TASK ITEM>
Two lines mark the range in the entries below: the one holding "Verbindungsstücke und Flachsaugdüse" and the one holding "3,5х5см микс Фигурка". Set down those two and all lines between them, exactly.

SUPPLIED DATA>
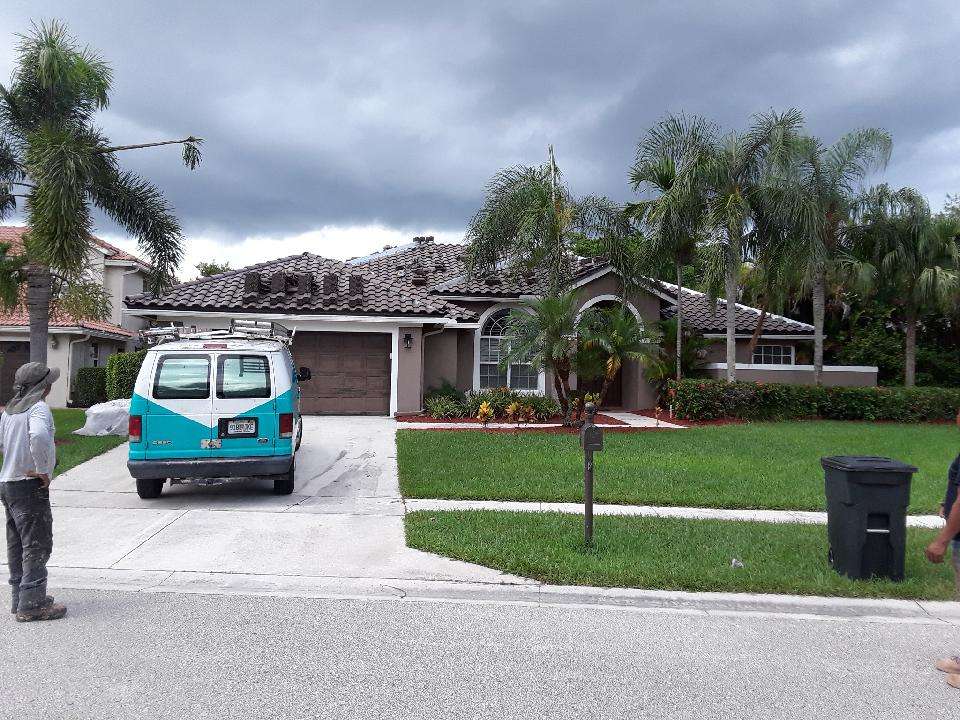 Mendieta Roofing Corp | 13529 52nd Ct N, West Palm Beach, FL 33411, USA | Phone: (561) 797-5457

---

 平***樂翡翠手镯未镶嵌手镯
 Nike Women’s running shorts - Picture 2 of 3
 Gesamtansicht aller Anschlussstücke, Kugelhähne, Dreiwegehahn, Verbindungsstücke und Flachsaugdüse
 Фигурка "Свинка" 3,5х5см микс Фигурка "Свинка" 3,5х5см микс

OUTPUT FOR THIS EXERCISE>
 Gesamtansicht aller Anschlussstücke, Kugelhähne, Dreiwegehahn, Verbindungsstücke und Flachsaugdüse
 Фигурка "Свинка" 3,5х5см микс Фигурка "Свинка" 3,5х5см микс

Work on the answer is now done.